George was bred for the track right here in Albuquerque, NM by Joe and Tillie Cordova. When he was young, the Cordova's downsized their business and sent him to a sales barn. From there is hopped around, going through at least three other owners/sales barns before he was purchased from a sales barn in Los Lunas, NM and ended up as someone's baby. But she had human babies and after two years of being unable to really ride him she sold him to me. He never did make it to the racetrack.

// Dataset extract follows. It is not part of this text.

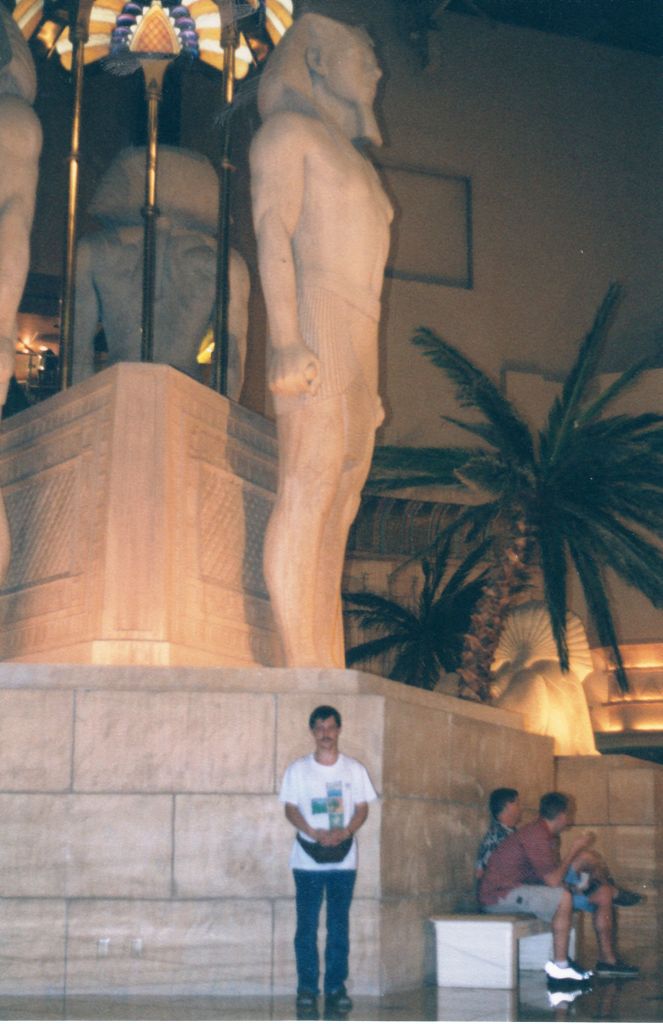 k-USA West 2001 - Las Vegas Hotel Luxor Lobby-2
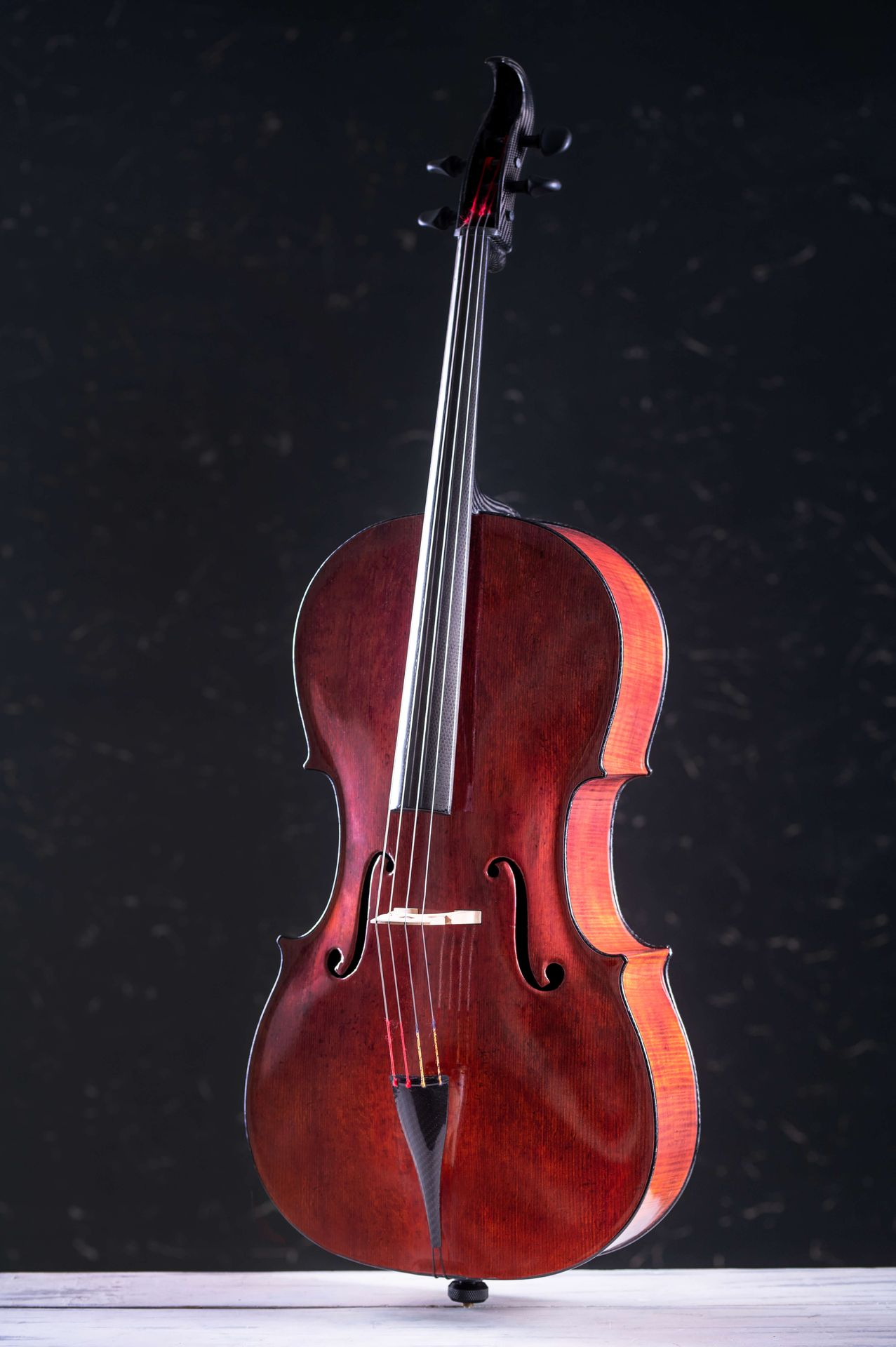 CoRe Soloist 3D carbon cello by Gery Mohl – handcrafted composite instrument with 3D foil wrapping, combining wood-inspired aesthetics with superior acoustic precision and innovative lightweight design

We found George on Craigslist. I was half looking for myself, and half looking for a friend. Because really, I couldn't (can't) afford a horse. I loved the way he looked. The next day my friend Dana and I went to see him. When I tried to clean out his back foot he kicked he. Not a powerful I-will-kill-you cow kick, but a don't-do-that-again kick. He got my hip and left a nasty bruise. I didn't try to pick out his foot again. He knew how to walk, trot and canter under saddle. He was forward and carried himself light in the forehand. And barn sour. So very barn sour. Dana encouraged me to buy him on the spot. But I wasn't willing to commit without Laurie's opinion. So the next day we brought Laurie back.

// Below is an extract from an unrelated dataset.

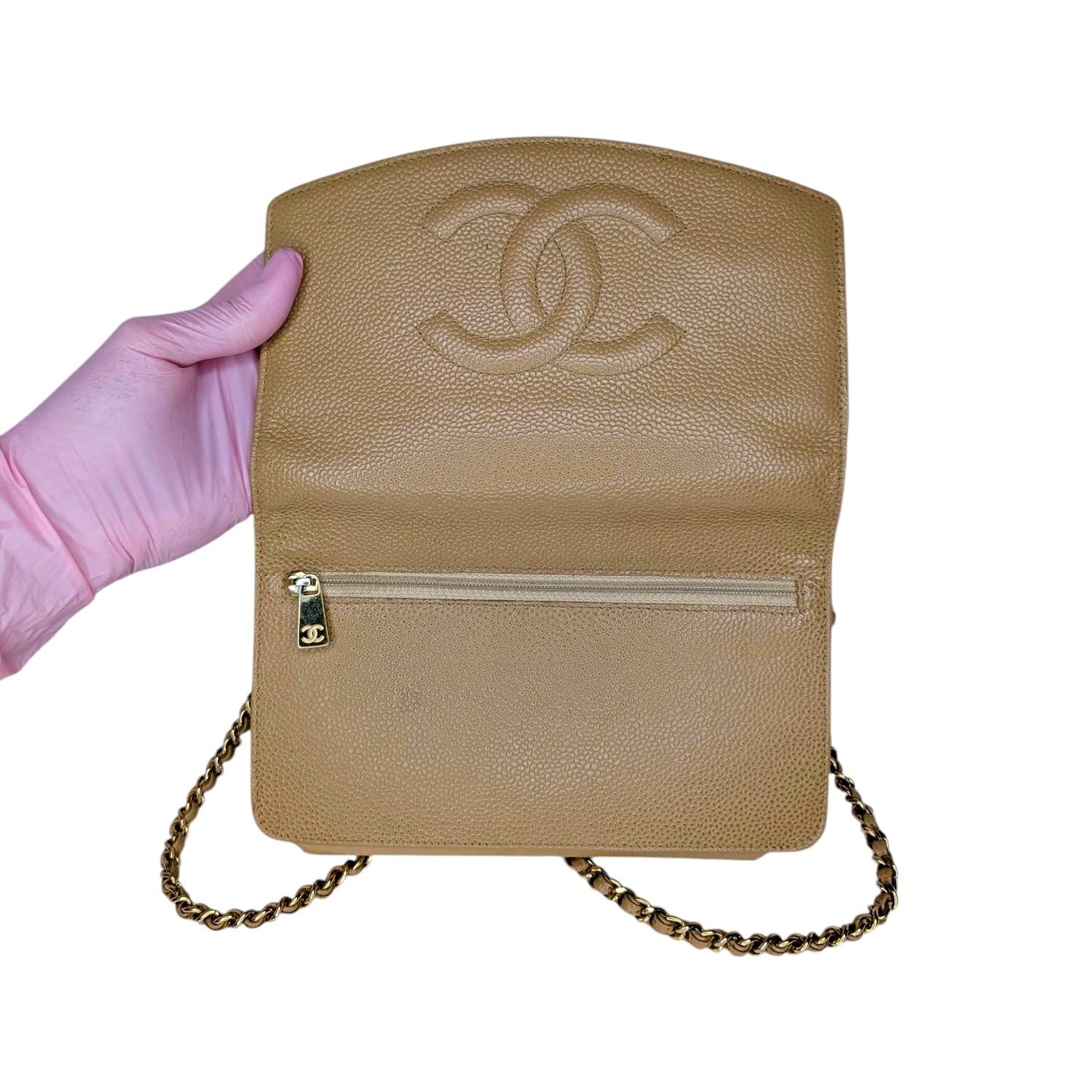 Chanel Vintage Beige Caviar Timeless Wallet On Chain WOC en vente 2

Want to see a video? Here is Laurie trying him. Notice how well he jumps. As in he doesn't. He has absolutely no idea that he is supposed to pick his feet up.

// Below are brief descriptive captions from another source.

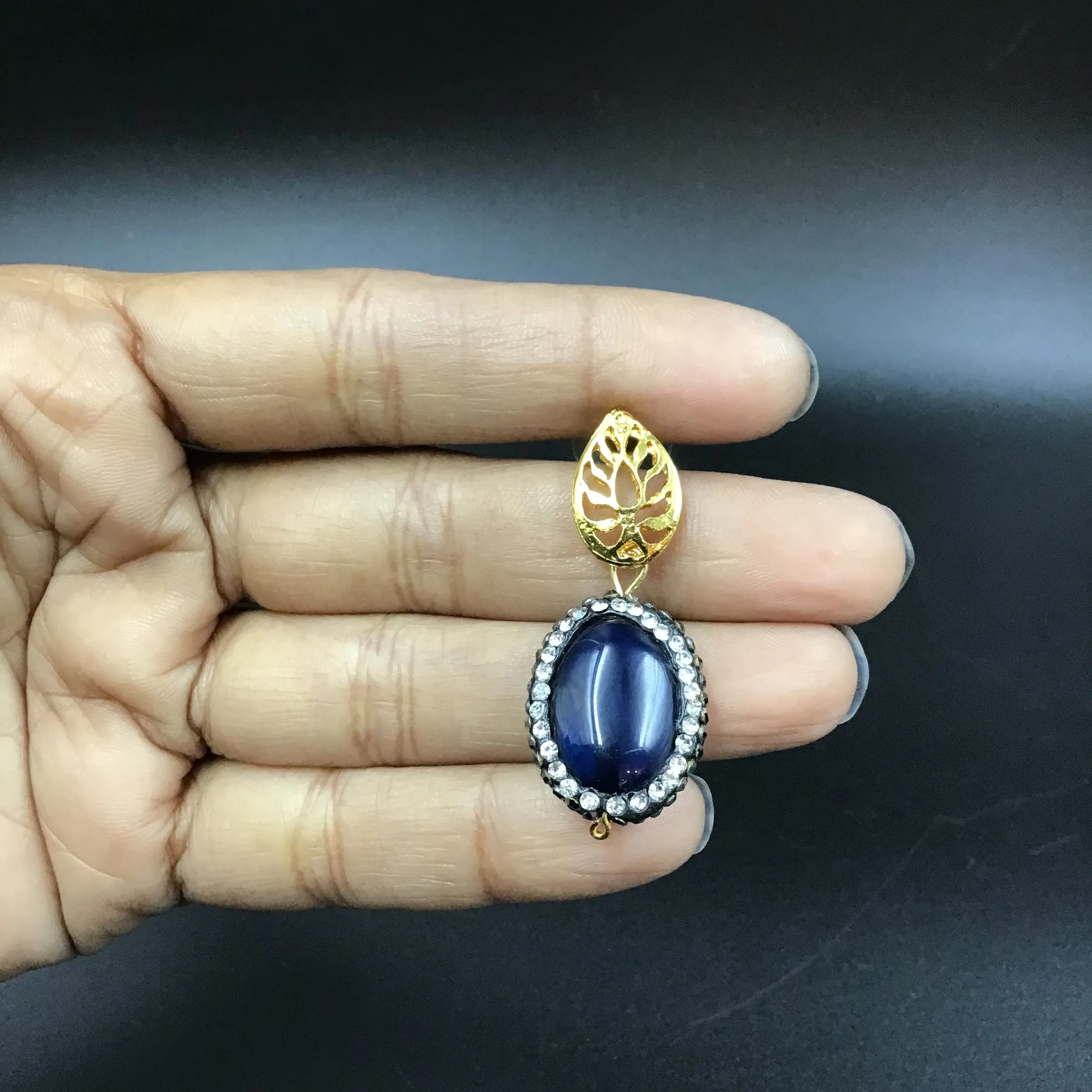 Stylish Pendant Set 3481-68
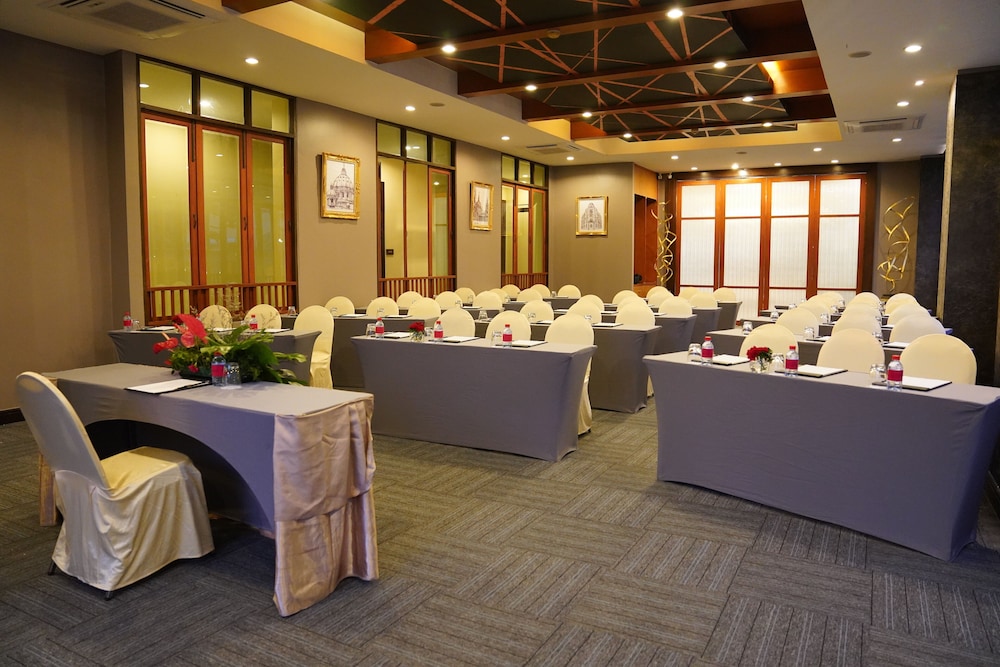 chateau en ville pattaya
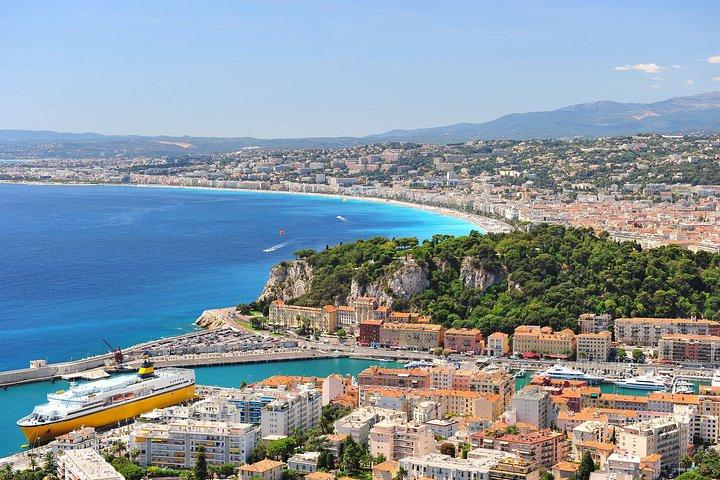 Switzerland, Italy, France 7-Day Taste of Europe Trip from Paris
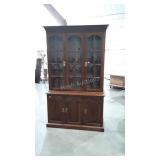 Pennsylvania House China Closet, 2pc unit, top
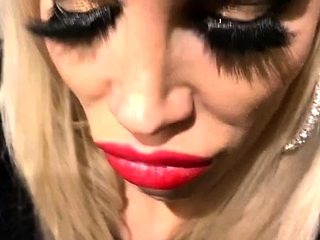 Blonde amateur milf does anal on pov camera 11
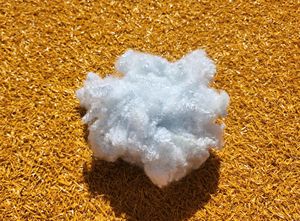 Fibra Hueca Conjugada HCS de 7Dx32mm, Sin Silicona, 100% Poliéster, Antiestática, Reciclable, Material de Relleno para Hilado - Product Image 3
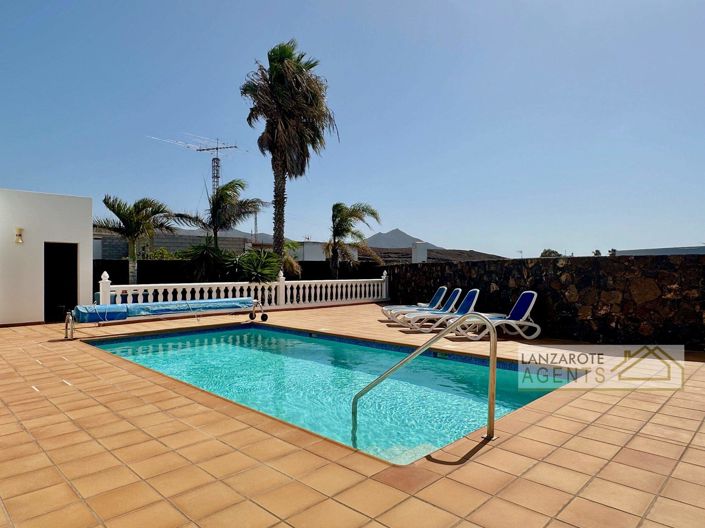 Image No.47-5 Bed Villa for sale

First ride, he jigged the entire time. It took a week before he stopped trying to drag me out of the gate. He couldn't maintain the canter for more than a dozen strides. After a few weeks I went on vacation and left him with Laurie and Dana. When I came back he could jump. And you could pick up his back feet without him kicking. I don't know what they did, but I'm glad they did it.
It quickly became apparent that someone had invested some time starting George. He knew how to carry himself, to frame, canter on both leads. He half-passed, side-passed and could do a turn on the forehand. He took to jumping like a duck to water. We had to be careful or we would jump when we didn't intend to. To this day he still have never looked twice at a fence. He's stopped three times. Twice I deserved it.
Here he is after three months. Pretty amazing change, right? We discovered he had a natural lead change and would often change without being asked. Our winter plan was perfect that lead change and show in the spring in the baby greens.
After one chiropractic session George was a new horse. I have never seen such a change in an animal. Both in his movement and personality. For a whole week he was awesome. Then he hurt his stifle in turnout. And had a month of stall rest and hand-walking. When he was sound, we had a whole new miserable George under saddle. Turns out being in a stall gave George an ulcer. Now he's back to living out, getting bit up by the pony next door and easing back into work.